Sure. Thanks, Ross. As we're making this transformation this year into focusing on more data modernization services versus a very siloed MDM business, which is traditionally what we've been focusing on, we are building and creating pipeline almost from scratch. And in our business with a nine-month sales cycle, it takes average nine to 12 months to build up that pipeline. The weakness that we saw in our bookings was for two primary reasons. One, as I mentioned before, due to some increased economic constraints that customers have applied to their approval processes internally on contract signatures on deals that are in excess of 500K, we had several deals slip, not all of which closed in October. The other reason is, to be perfectly blunt with you, is we didn't have enough pipeline because we're still building that pipeline from a data modernization perspective, which is why when the deal slipped out, we had weakness or you saw weakness in our Q3 bookings performance. The good news is, as I mentioned before, approximately 3.5 million have already closed in October. That does not represent all of the deals that slipped into Q4 from Q3. And we continue to see growth in our pipeline around data modernization services, as I also mentioned in my prepared remarks.
Did that answer your question? Thanks, Michael.
Yeah, it's super helpful. And then I guess, you know, with respect to MDM, is that business declining in the sense that, I mean, I understand you're broadening your focus, which makes a lot of sense. And then with the existing business that you had, Is it falling off at a more precipitous rate? And I guess is that just mostly, in your view, just the reality of the economic situation? Or do you think that there's another dynamic at work?

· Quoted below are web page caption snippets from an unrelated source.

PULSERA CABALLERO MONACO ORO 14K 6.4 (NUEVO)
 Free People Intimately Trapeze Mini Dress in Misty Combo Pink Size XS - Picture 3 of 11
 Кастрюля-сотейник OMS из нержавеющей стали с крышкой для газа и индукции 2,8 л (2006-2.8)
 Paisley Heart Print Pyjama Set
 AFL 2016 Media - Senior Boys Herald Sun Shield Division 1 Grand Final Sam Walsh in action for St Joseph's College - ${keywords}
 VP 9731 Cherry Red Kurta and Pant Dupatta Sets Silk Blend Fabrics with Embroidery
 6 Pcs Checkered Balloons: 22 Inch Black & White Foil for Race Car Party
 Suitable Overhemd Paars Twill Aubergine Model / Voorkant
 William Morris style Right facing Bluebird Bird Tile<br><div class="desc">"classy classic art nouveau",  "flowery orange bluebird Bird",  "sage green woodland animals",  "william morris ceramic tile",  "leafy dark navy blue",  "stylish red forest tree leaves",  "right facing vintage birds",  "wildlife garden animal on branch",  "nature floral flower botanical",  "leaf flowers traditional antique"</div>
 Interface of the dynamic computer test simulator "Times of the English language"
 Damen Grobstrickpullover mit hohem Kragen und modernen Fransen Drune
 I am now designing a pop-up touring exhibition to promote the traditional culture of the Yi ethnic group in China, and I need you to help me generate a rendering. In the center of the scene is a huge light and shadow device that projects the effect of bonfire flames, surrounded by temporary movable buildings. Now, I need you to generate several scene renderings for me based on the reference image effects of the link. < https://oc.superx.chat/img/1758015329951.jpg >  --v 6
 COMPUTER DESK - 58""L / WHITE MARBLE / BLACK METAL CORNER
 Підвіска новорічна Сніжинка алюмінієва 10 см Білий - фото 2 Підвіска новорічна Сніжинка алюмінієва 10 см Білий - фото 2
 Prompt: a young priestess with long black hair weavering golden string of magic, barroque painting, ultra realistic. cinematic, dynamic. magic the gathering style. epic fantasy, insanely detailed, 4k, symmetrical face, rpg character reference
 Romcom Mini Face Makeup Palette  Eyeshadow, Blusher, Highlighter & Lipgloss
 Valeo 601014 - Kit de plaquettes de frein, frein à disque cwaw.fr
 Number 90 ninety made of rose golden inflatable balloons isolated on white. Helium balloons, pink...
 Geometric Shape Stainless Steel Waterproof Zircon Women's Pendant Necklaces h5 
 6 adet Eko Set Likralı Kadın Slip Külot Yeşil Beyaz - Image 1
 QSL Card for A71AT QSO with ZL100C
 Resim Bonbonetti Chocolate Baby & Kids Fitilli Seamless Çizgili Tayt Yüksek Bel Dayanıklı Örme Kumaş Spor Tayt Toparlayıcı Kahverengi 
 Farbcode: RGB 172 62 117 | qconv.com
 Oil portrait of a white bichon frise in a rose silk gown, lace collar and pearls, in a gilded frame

Yeah, so no, I don't feel that it's falling off at a precipitous rate at all. As a matter of fact, I don't really feel that it's falling off. The The problem with only focusing on MDM, and one of the major reasons why we're transforming into a much broader data modernization services company, is because you're capped at MDM. If you look at the total digital transformation space and the total digital transformation spend that's forecasted now through 2026, which far exceeds $3 trillion, by the way, by 2026, when you look at that, the percentage of it that is MDM It's a very, very, very small sliver of spend versus a much larger sliver of spend around digital transformation, which is app mod and data modernization. And so it's not that MDM is falling off or declining or declining. or even decrease in any way, shape, or form. It's more that we're basically saturated in the MDM market for our existing customer base. The other thing that we are doing that I didn't mention in the prepared remarks is we're expanding our partnership base within the MDM space. Traditionally, we've been incredibly strong with IBM. We continue to remain very good IBM partners, but we're also broadening out into other partnerships within MDM, a strong partnership with Informatica. We just made platinum status this year, as well as RelTO and a few others. in addition to broadening out our capabilities across data modernization. So not only are we focusing on doing more in data modernization, but we're not giving up on MDM either. We are continuing to focus on growing that area too.
Got it. Okay. Thanks, Michael. I appreciate it.
No worries.
There are no further questions at this time. I'd like to turn the floor back over to Mr. Gupta for closing comments.
Thank you, operator. So if there are no further questions, I would like to thank you for joining our call today, and we look forward to sharing our fourth quarter 2023 results with you in early February. Thank you.
This concludes today's teleconference. You may disconnect your lines at this time. Thank you for your participation and have a wonderful day.